Guide written by a novice creator on how to migrate Airbyte connector to Low-code

Shivam AgarwalShivam Agarwal
15 min read

This is a guide written by a novice developer who embarked on the journey to explore the open-source community with the support of his fellow comrades.

Hola folks,

This is Shivam Agarwal, and I work as a data engineer. I'm excited to present to you a guide that also encapsulates my personal experience. This guide chronicles my journey of attempting to migrate an existing Airbyte source connector from Python CDK to Low-Code CDK, with Openweather being my chosen starting point.
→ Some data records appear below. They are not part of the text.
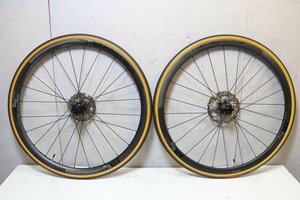 ○DEDA ELEMENTI デダ エレメンティ SL30 DISC ceramic シマノ11/12s対応 クリンチャー カーボンホイールセット 美品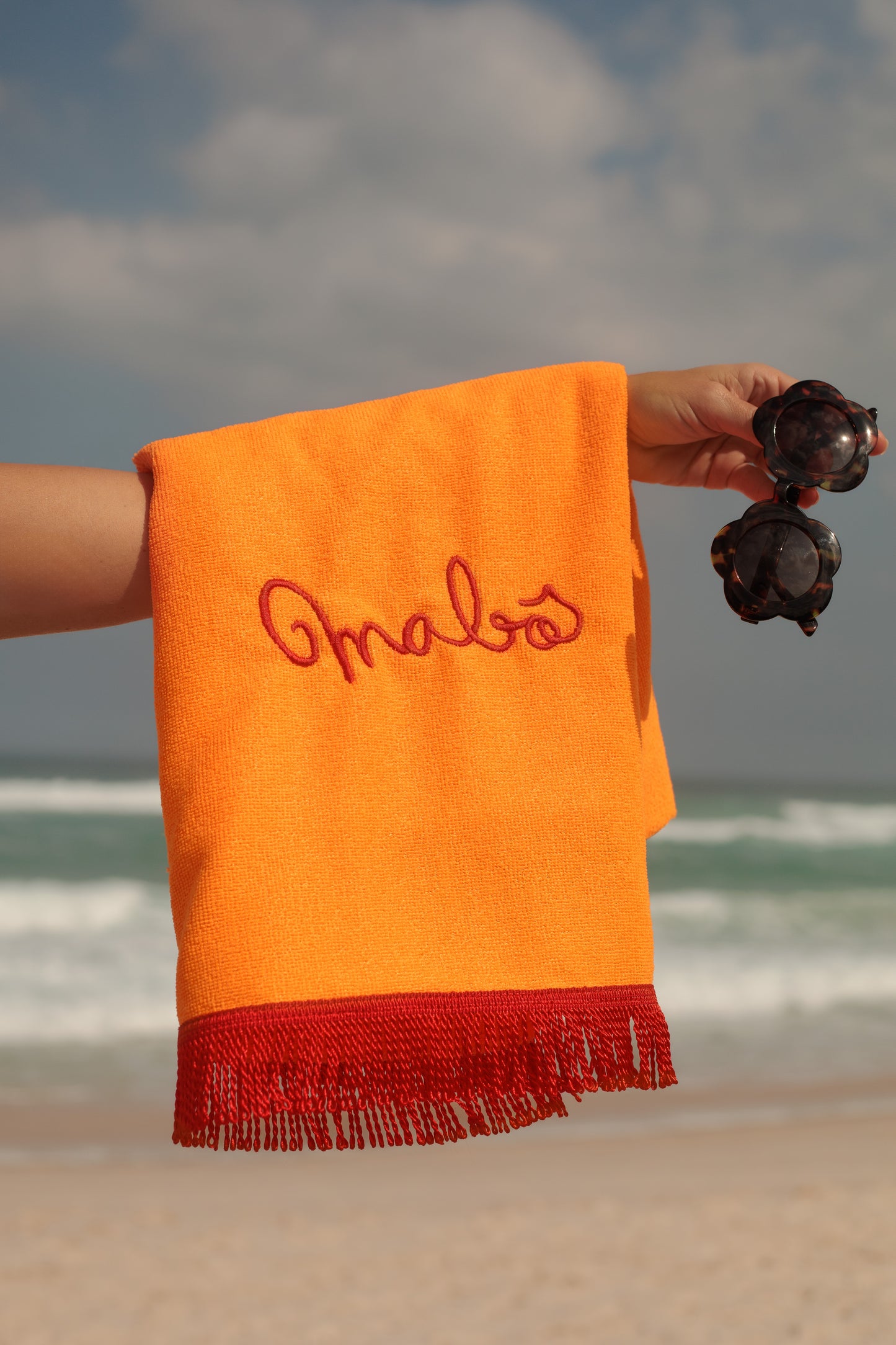 Toalha Mabô - laranja/vermelho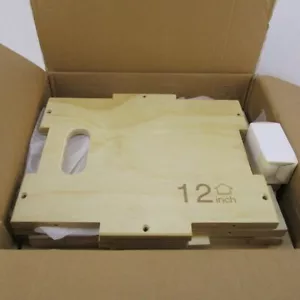 Scatola Aperta Non Assemblata Titanio Fitness Legno Pliometria Jump Box 12x14x16 - Foto 1 di 5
But before delving into the specifics of my endeavor, let's first gain a clear understanding of what Airbyte is.

What is Airbyte?

So as per the official website :

Airbyte is an open-source data integration engine that helps you consolidate your data in your data warehouses, lakes and databases.

What I believe Airbyte to be :

Airbyte is a tool that helps data engineers and data professionals to cut out the stress associated with handling data.

Now we have a gist of the tool (I hope the one-liners did the job :P). Let's delve into the focal points of this discussion. My aim is to offer a concise breakdown of the content that lies ahead. I'll be guiding you through the process of migrating a "simple" API connector to Low-code CDK.

Let's start with the basics :

Prerequisites:

  • python3 (better to have python 3.10 )

  • docker ( If you don't have it installed, use this link to set it up )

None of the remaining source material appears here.